La regia di Stefano Tè si esprime in movimenti misurati, spazi accuratamente modellati dalla luce e un susseguirsi di colonne sonore costruite su diversi strumenti, che fungono sia da protagonista che da sottofondo costante. In tutta la trilogia la musica domina e accompagna la scena, mentre elementi ricorrenti – come i costumi curati da Nuvia Valestri e la posizione fissa del coro, specchio del pubblico – assicurano continuità pur nella variazione degli strumenti e del ritmo. Quando le luci si accendono e la sala si svuota, è come essere passati sotto un rito collettivo. Gli attori sono stanchi, il pubblico è stanco, ma di quella stanchezza soddisfatta che si crea alla fine di un percorso, al raggiungimento di una meta. Alla fine di tutto lo spettacolo ci ha lasciato con molte domande, domande che si sovrappongono alla realtà.

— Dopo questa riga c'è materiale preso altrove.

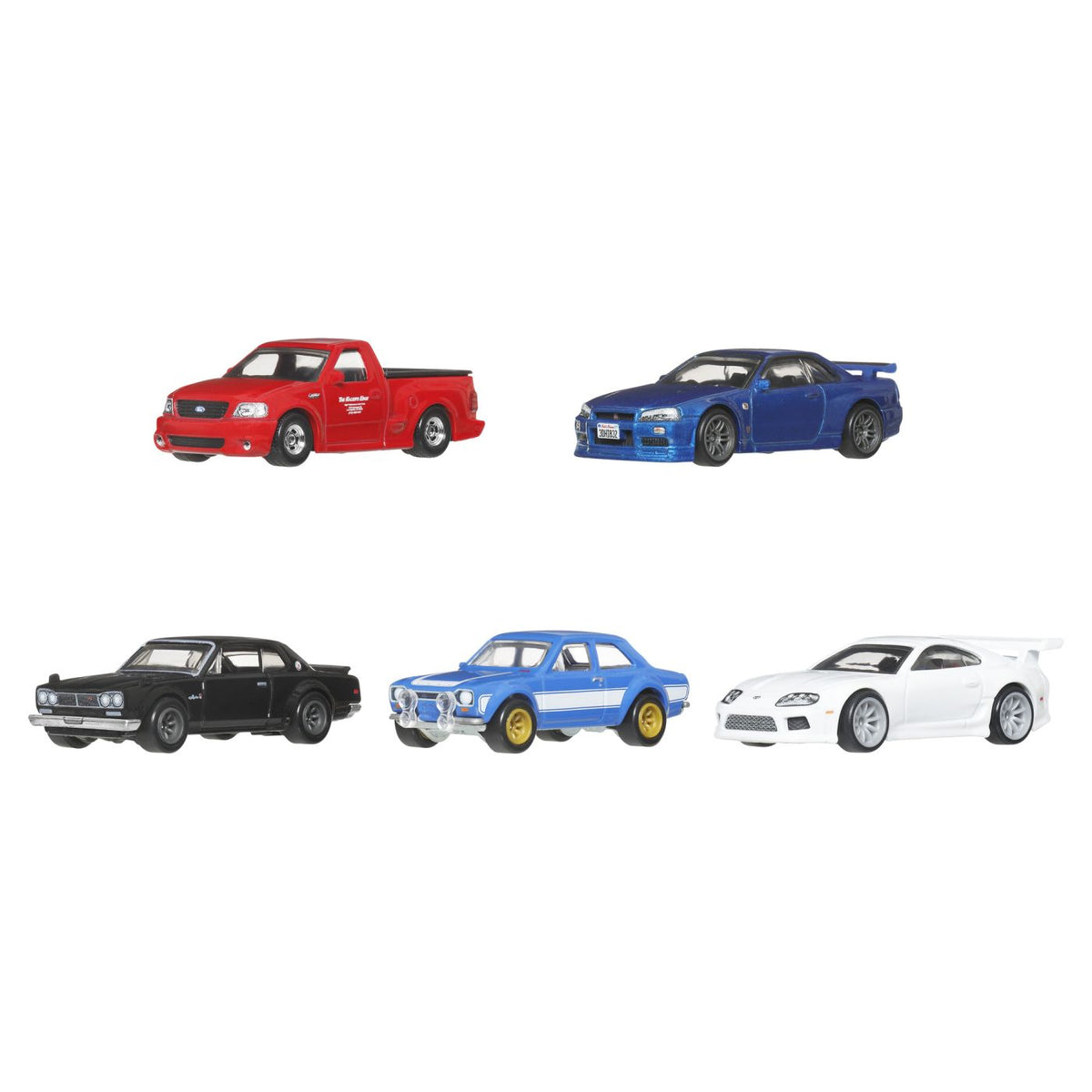 Set Hot Wheels Premium Fast and Furious - 5 Mașinuțe Mattel - Default Title (2) [ps:4850650f-a0bf-4665-8661-d9f429039761]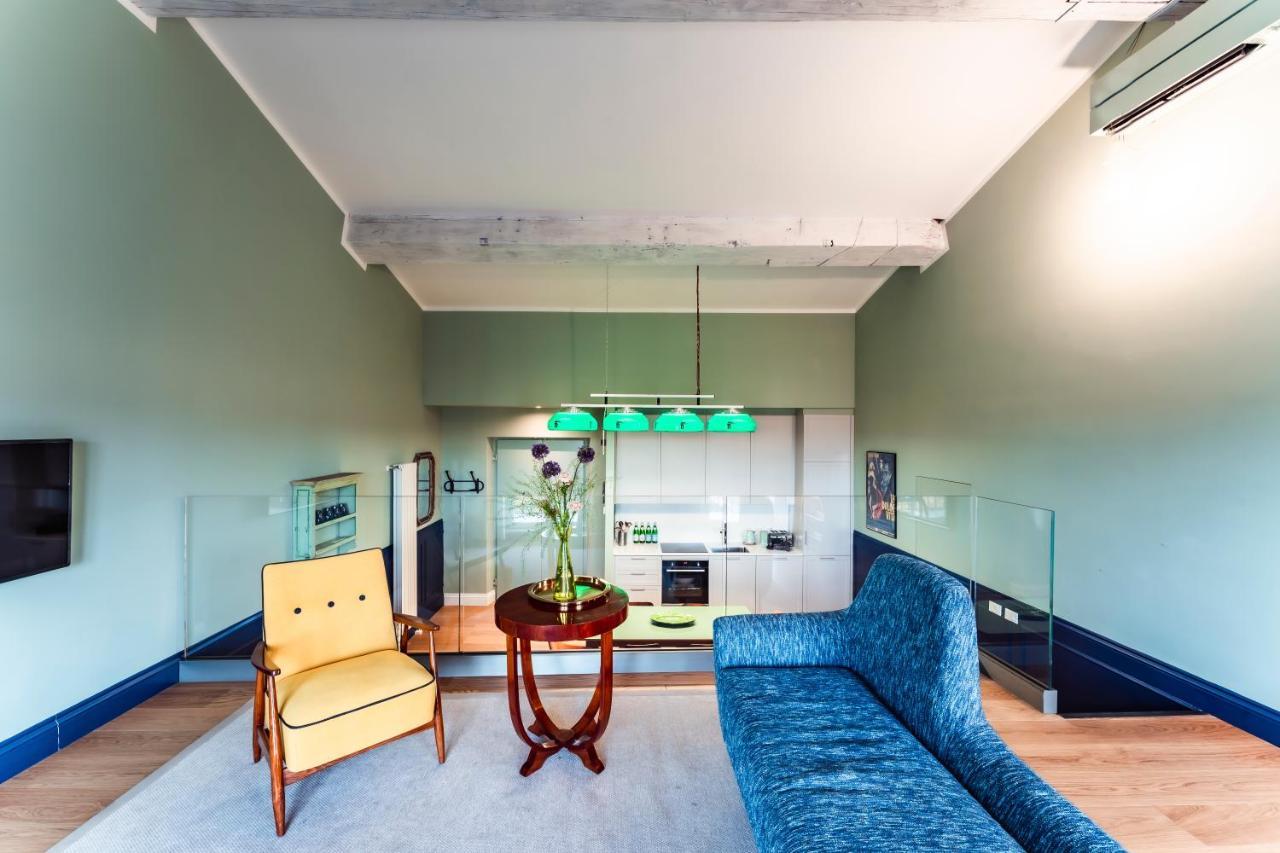 La Terrazza Sull'Arno Apartamento Florença Exterior foto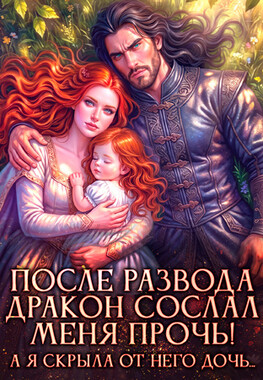 🍂В разводе с драконом. Бывшая любимая жена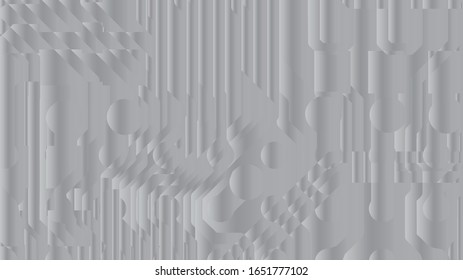 Grey background Abstract pattern  gradient. vector. eps10.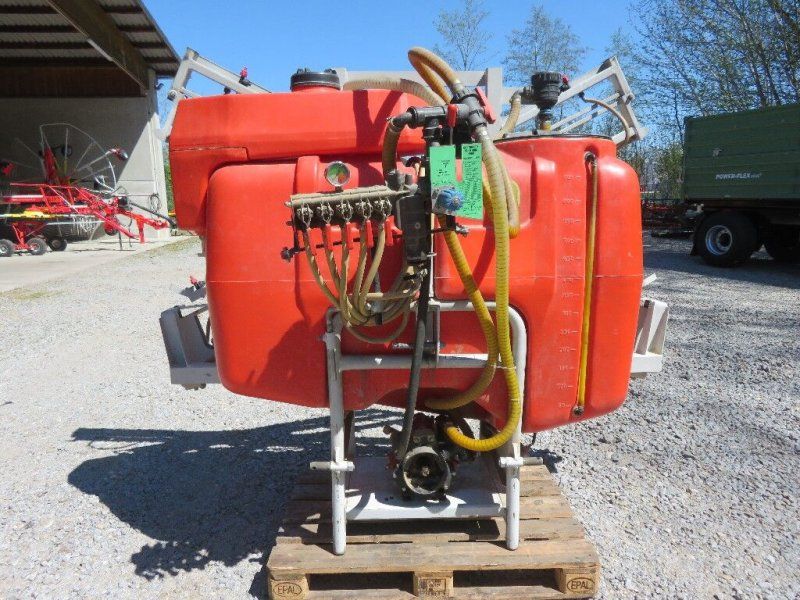 Jessernigg 660L / 12m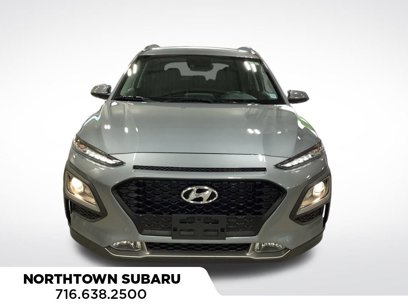 Used 2020 Hyundai Kona SEL Plus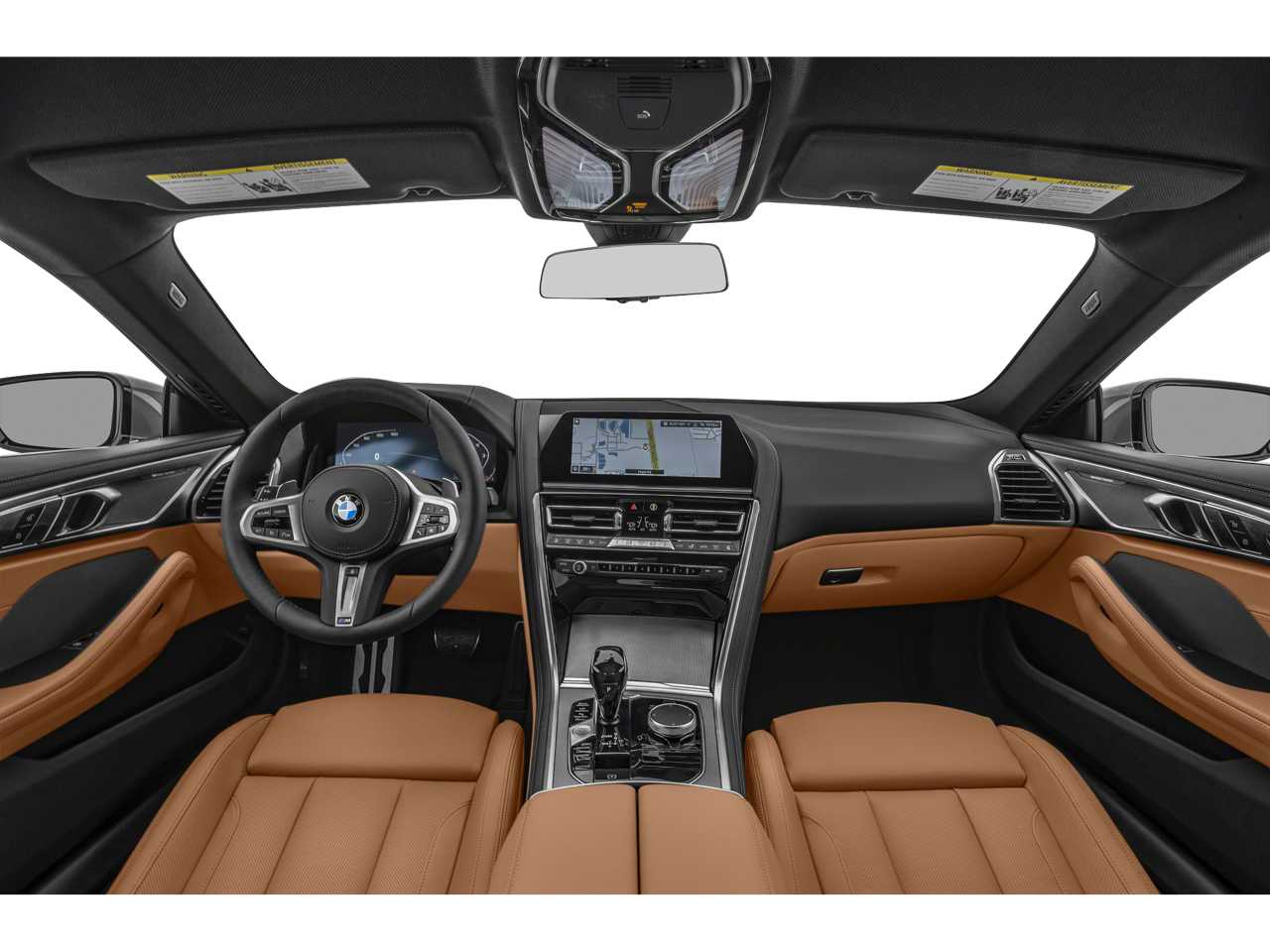 2019 BMW 8 Series M850i xDrive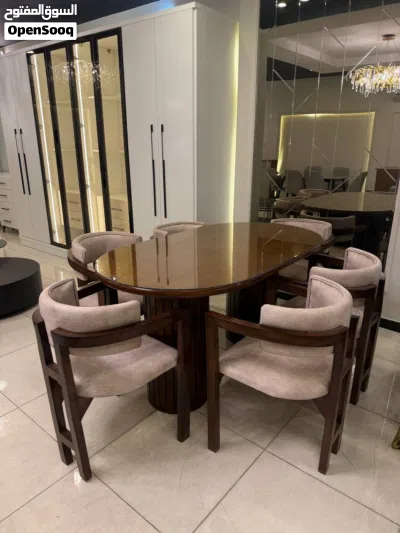طاوله سفره مودرن فخمه 2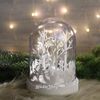 Kaemingk / New Year's lamp - dome Inhabitants of the Fairytale forest 18 cm battery-powered, 6 LED lamps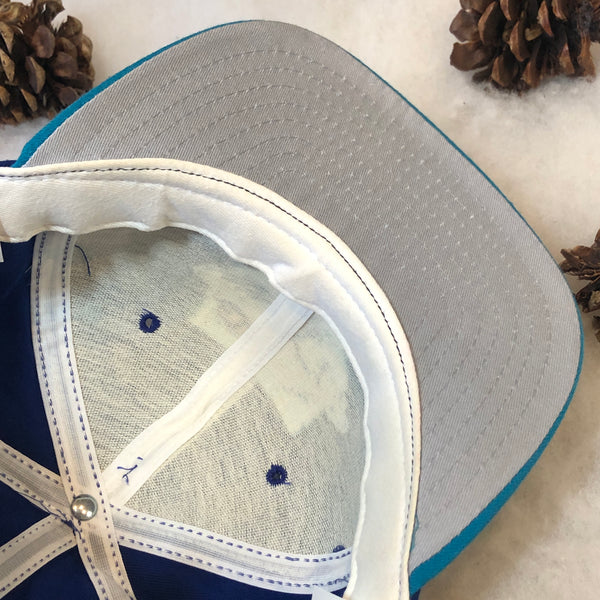 Vintage Lahaina Whalers Hawaii Winter Baseball New Era Wool Snapback Hat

Edipo come molti, è condannato alla nascita. Edipo anche se innocente, nasce in un contesto che ha già deciso per lui. Ci viene da chiederci quanto di questo possa ricollegarsi alle vite di certi detenuti, e quanto invece è possibile per ognuno di noi scriversi il proprio destino. Quello che però ci portiamo via dal Teatro delle Passioni, oltre a tutte queste domande, è quello che succede dopo. Nel foyer viene allestita una lunga tavolata. Qualcuno tira fuori un tamburello, qualcun altro inizia a cantare. Arriva la pizza accolta da un’ovazione. Seduti lungo il tavolo ci sono spettatori, attori, musicisti, tutti riuniti per mangiare assieme, parlare, senza etichette, senza differenze, senza che il destino in quel momento possa far sentire la sua presa. È forse anche qui il valore del lavoro del Teatro dei Venti: Creare uno spettacolo chiamandolo “Trilogia dell’Assedio” che come risultato finale ha quello di riuscire a rimuovere dal pensiero, seppure per poco, l’assedio del destino.